* [Exercise]:
Your reply must consist of the data below, reproduced character for character.

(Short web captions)
================

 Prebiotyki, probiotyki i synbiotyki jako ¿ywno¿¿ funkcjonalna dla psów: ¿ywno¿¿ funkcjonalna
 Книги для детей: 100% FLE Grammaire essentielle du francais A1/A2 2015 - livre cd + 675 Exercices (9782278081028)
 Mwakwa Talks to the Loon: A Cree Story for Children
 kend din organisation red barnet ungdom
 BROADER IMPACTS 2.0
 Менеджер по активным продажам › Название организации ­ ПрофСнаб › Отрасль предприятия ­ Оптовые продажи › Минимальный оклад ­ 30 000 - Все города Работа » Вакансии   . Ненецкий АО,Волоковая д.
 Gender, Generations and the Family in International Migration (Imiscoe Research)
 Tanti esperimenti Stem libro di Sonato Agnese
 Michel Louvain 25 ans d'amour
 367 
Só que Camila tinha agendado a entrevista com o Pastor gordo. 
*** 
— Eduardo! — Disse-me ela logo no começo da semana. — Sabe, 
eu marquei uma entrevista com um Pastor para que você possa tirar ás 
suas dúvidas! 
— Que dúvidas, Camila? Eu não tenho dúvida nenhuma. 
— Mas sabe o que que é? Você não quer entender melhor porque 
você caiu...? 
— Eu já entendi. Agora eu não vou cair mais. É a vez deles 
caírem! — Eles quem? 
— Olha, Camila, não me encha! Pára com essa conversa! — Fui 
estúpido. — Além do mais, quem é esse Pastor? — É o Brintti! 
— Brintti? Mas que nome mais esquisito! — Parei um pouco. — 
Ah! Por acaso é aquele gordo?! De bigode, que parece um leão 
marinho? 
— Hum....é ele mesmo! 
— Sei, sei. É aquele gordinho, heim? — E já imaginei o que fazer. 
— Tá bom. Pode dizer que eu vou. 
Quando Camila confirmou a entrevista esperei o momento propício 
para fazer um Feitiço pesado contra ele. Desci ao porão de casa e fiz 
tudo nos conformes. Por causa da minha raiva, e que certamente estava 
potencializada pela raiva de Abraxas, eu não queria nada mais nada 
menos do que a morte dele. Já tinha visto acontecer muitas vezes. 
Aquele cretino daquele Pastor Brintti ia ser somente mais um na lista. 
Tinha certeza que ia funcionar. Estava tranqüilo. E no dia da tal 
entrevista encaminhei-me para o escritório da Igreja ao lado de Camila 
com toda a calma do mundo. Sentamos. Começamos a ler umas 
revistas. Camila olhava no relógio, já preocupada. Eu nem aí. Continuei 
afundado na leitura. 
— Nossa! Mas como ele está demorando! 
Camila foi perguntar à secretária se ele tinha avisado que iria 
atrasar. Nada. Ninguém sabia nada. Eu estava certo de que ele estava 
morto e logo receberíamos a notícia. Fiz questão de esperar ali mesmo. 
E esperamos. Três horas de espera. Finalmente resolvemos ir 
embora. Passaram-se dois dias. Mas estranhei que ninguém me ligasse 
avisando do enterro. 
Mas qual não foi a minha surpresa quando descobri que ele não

================

* [Exercise solution]:
 Prebiotyki, probiotyki i synbiotyki jako ¿ywno¿¿ funkcjonalna dla psów: ¿ywno¿¿ funkcjonalna
 Книги для детей: 100% FLE Grammaire essentielle du francais A1/A2 2015 - livre cd + 675 Exercices (9782278081028)
 Mwakwa Talks to the Loon: A Cree Story for Children
 kend din organisation red barnet ungdom
 BROADER IMPACTS 2.0
 Менеджер по активным продажам › Название организации ­ ПрофСнаб › Отрасль предприятия ­ Оптовые продажи › Минимальный оклад ­ 30 000 - Все города Работа » Вакансии   . Ненецкий АО,Волоковая д.
 Gender, Generations and the Family in International Migration (Imiscoe Research)
 Tanti esperimenti Stem libro di Sonato Agnese
 Michel Louvain 25 ans d'amour
 367 
Só que Camila tinha agendado a entrevista com o Pastor gordo. 
*** 
— Eduardo! — Disse-me ela logo no começo da semana. — Sabe, 
eu marquei uma entrevista com um Pastor para que você possa tirar ás 
suas dúvidas! 
— Que dúvidas, Camila? Eu não tenho dúvida nenhuma. 
— Mas sabe o que que é? Você não quer entender melhor porque 
você caiu...? 
— Eu já entendi. Agora eu não vou cair mais. É a vez deles 
caírem! — Eles quem? 
— Olha, Camila, não me encha! Pára com essa conversa! — Fui 
estúpido. — Além do mais, quem é esse Pastor? — É o Brintti! 
— Brintti? Mas que nome mais esquisito! — Parei um pouco. — 
Ah! Por acaso é aquele gordo?! De bigode, que parece um leão 
marinho? 
— Hum....é ele mesmo! 
— Sei, sei. É aquele gordinho, heim? — E já imaginei o que fazer. 
— Tá bom. Pode dizer que eu vou. 
Quando Camila confirmou a entrevista esperei o momento propício 
para fazer um Feitiço pesado contra ele. Desci ao porão de casa e fiz 
tudo nos conformes. Por causa da minha raiva, e que certamente estava 
potencializada pela raiva de Abraxas, eu não queria nada mais nada 
menos do que a morte dele. Já tinha visto acontecer muitas vezes. 
Aquele cretino daquele Pastor Brintti ia ser somente mais um na lista. 
Tinha certeza que ia funcionar. Estava tranqüilo. E no dia da tal 
entrevista encaminhei-me para o escritório da Igreja ao lado de Camila 
com toda a calma do mundo. Sentamos. Começamos a ler umas 
revistas. Camila olhava no relógio, já preocupada. Eu nem aí. Continuei 
afundado na leitura. 
— Nossa! Mas como ele está demorando! 
Camila foi perguntar à secretária se ele tinha avisado que iria 
atrasar. Nada. Ninguém sabia nada. Eu estava certo de que ele estava 
morto e logo receberíamos a notícia. Fiz questão de esperar ali mesmo. 
E esperamos. Três horas de espera. Finalmente resolvemos ir 
embora. Passaram-se dois dias. Mas estranhei que ninguém me ligasse 
avisando do enterro. 
Mas qual não foi a minha surpresa quando descobri que ele não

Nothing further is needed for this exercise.